Ook hier is de contractsvrijheid in het geding. De vraag is of deze verschuiving wel zo zinvol is en of de samenleving het moet hebben van - wat je zou kunnen noemen - privaatrechtelijke handhaving.

Hoe?

Het uitgangspunt is dat partijen vrij zijn te bepalen hoe een overeenkomst tot stand komt.16 Voldoende is dat zij het

(6)

5 erover eens zijn dat er een overeenkomst wordt gesloten. Het

doet er niet toe of de overeenkomst wordt bevestigd met een schriftelijk stuk, een hoofdknik of instemmend zwijgen. Maar voor de koop van een woonhuis werd dat te gemakkelijk geacht, onwenselijk, omdat koper en verkoper veel te regelen hebben en de koper soms onder enorme druk besluiten moet nemen. Daarom geldt sinds september 2003 dat de verkoop van een woonhuis aan een particulier op schrift moet worden gesteld, zodat partijen zich eerst over de details hebben te buigen voor ze zichzelf kunnen binden.17 Dat lijkt een heldere regeling: zonder koop op schrift geen geldige overeenkomst.

Maar al bij de invoering van de regeling rees de vraag hoe zij moet worden uitgelegd, indien koper en verkoper mondeling overeenstemming hebben bereikt, maar de verkoper weigert mee te werken aan het opmaken en ondertekenen van de koopakte. Kan hij zeggen: “Wij waren er mondeling uit, maar ik teken niet”? Lagere rechters pasten de regeling verschillend toe. Vorig jaar, op 9 december, gaf de Hoge Raad uitsluitsel.18

Een koper en een verkoper hadden mondeling

overeenstemming bereikt over een woonhuis, de prijs en de datum van oplevering. De verkoper had zijn makelaar de opdracht gegeven een en ander op schrift te zetten. Maar toen de concept overeenkomst er lag, keurig verzorgd door de makelaar van de verkoper, weigerde hij te tekenen. De koper wilde verder en eiste de medewerking van de verkoper. Maar die bleef weigeren. De verkoper zei: “Ik ben niet gebonden, want ik heb nooit een schriftelijke koopovereenkomst getekend”.
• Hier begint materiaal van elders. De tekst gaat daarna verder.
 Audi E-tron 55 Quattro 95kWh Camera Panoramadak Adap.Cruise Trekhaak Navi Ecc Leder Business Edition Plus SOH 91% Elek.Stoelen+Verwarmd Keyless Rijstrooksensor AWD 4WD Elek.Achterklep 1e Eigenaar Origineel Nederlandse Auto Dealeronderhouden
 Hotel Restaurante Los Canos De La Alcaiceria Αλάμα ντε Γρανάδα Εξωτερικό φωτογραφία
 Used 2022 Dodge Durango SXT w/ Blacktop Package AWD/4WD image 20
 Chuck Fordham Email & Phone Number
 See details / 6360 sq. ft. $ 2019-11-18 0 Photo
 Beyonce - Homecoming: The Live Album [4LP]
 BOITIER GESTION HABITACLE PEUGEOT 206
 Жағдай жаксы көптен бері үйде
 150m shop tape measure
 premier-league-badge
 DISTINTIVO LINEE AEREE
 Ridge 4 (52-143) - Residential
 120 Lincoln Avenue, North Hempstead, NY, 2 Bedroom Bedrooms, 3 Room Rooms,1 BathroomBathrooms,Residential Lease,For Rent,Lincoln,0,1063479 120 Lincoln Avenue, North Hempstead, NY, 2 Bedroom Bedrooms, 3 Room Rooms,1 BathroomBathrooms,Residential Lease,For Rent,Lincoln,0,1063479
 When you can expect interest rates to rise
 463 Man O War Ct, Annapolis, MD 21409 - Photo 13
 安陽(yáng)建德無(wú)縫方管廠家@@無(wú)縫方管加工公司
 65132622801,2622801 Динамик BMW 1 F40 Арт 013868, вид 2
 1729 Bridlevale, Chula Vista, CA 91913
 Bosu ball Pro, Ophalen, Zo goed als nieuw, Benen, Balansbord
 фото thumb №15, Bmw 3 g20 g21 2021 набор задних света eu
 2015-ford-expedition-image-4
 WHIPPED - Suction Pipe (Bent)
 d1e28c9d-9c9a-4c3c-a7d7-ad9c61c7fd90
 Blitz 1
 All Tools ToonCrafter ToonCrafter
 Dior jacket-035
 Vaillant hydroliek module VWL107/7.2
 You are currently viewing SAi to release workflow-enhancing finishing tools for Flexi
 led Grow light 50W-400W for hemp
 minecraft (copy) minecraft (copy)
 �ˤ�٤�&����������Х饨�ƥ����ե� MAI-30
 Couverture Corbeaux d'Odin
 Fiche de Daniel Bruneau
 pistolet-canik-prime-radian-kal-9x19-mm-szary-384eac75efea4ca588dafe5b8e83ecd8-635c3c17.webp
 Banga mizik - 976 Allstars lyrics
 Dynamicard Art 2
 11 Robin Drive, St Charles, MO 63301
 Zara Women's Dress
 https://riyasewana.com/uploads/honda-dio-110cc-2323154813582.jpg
Hoe moet in z’n geval die nieuwe regeling uit 2003 worden uitgelegd? Ik houd u de wet voor: “De koop van een tot bewoning bestemde onroerende zaak […] wordt, indien de koper een natuurlijk persoon is die niet handelt in de uitoefening van een beroep op bedrijf, schriftelijk aangegaan.”. De Hoge Raad komt, welgemotiveerd, met een eigen interpretatie van deze gloednieuwe regeling: het vormvoorschrift - het schriftelijkheidsvereiste - beschermt

alle particulieren, of zij nu kopen of verkopen, maar niet de professionele verkoper.19 De Hoge Raad is zich ervan bewust dat deze uitleg niet uit de tekst van de wet volgt. Ferm oordeelt hij dat de formulering van de wet niet steeds beslissend is voor de uitleg ervan, ook niet als deze wet van recente datum is.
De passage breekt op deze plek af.